Write out once more the lines running from the top of the entries below to the line with "Pilot Seat 3 3D", both ends included.

[Exercise data — start]

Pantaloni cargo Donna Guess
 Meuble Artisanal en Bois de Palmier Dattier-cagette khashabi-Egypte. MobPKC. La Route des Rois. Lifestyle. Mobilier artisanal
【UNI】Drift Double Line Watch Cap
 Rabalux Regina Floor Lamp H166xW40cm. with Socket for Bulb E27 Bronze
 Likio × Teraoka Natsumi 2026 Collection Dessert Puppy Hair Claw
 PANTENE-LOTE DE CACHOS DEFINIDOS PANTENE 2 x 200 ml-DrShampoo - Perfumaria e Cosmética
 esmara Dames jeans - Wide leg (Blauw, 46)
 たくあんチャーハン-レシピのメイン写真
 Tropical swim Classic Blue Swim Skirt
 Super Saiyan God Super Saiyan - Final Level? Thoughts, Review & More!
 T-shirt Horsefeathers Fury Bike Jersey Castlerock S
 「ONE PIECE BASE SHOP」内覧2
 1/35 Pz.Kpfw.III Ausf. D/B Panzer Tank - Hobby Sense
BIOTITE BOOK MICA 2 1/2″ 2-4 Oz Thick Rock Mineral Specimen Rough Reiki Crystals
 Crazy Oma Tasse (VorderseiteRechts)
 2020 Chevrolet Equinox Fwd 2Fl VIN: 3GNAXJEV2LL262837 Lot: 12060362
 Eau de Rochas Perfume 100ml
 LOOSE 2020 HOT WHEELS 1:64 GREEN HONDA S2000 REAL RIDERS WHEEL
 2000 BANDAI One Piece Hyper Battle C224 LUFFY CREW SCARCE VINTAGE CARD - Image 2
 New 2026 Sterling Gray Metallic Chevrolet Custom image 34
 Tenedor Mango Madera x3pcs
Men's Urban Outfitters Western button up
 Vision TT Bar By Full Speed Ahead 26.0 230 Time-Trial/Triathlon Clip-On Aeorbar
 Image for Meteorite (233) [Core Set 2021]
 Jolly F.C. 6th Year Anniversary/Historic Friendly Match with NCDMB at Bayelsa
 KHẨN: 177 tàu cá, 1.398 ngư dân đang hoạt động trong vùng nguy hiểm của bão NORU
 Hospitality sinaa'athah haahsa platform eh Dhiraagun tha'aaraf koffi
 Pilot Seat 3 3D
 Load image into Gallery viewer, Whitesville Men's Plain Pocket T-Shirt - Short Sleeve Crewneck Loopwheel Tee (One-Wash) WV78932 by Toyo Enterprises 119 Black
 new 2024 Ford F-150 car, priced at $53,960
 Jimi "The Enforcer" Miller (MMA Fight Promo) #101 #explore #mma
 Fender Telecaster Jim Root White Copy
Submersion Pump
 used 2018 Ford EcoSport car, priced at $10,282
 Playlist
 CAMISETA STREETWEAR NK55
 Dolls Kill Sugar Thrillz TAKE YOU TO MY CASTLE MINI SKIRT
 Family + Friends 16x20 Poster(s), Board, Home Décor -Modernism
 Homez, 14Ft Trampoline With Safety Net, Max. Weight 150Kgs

[Exercise data — finish]

Solution to the problem:
Pantaloni cargo Donna Guess
 Meuble Artisanal en Bois de Palmier Dattier-cagette khashabi-Egypte. MobPKC. La Route des Rois. Lifestyle. Mobilier artisanal
【UNI】Drift Double Line Watch Cap
 Rabalux Regina Floor Lamp H166xW40cm. with Socket for Bulb E27 Bronze
 Likio × Teraoka Natsumi 2026 Collection Dessert Puppy Hair Claw
 PANTENE-LOTE DE CACHOS DEFINIDOS PANTENE 2 x 200 ml-DrShampoo - Perfumaria e Cosmética
 esmara Dames jeans - Wide leg (Blauw, 46)
 たくあんチャーハン-レシピのメイン写真
 Tropical swim Classic Blue Swim Skirt
 Super Saiyan God Super Saiyan - Final Level? Thoughts, Review & More!
 T-shirt Horsefeathers Fury Bike Jersey Castlerock S
 「ONE PIECE BASE SHOP」内覧2
 1/35 Pz.Kpfw.III Ausf. D/B Panzer Tank - Hobby Sense
BIOTITE BOOK MICA 2 1/2″ 2-4 Oz Thick Rock Mineral Specimen Rough Reiki Crystals
 Crazy Oma Tasse (VorderseiteRechts)
 2020 Chevrolet Equinox Fwd 2Fl VIN: 3GNAXJEV2LL262837 Lot: 12060362
 Eau de Rochas Perfume 100ml
 LOOSE 2020 HOT WHEELS 1:64 GREEN HONDA S2000 REAL RIDERS WHEEL
 2000 BANDAI One Piece Hyper Battle C224 LUFFY CREW SCARCE VINTAGE CARD - Image 2
 New 2026 Sterling Gray Metallic Chevrolet Custom image 34
 Tenedor Mango Madera x3pcs
Men's Urban Outfitters Western button up
 Vision TT Bar By Full Speed Ahead 26.0 230 Time-Trial/Triathlon Clip-On Aeorbar
 Image for Meteorite (233) [Core Set 2021]
 Jolly F.C. 6th Year Anniversary/Historic Friendly Match with NCDMB at Bayelsa
 KHẨN: 177 tàu cá, 1.398 ngư dân đang hoạt động trong vùng nguy hiểm của bão NORU
 Hospitality sinaa'athah haahsa platform eh Dhiraagun tha'aaraf koffi
 Pilot Seat 3 3D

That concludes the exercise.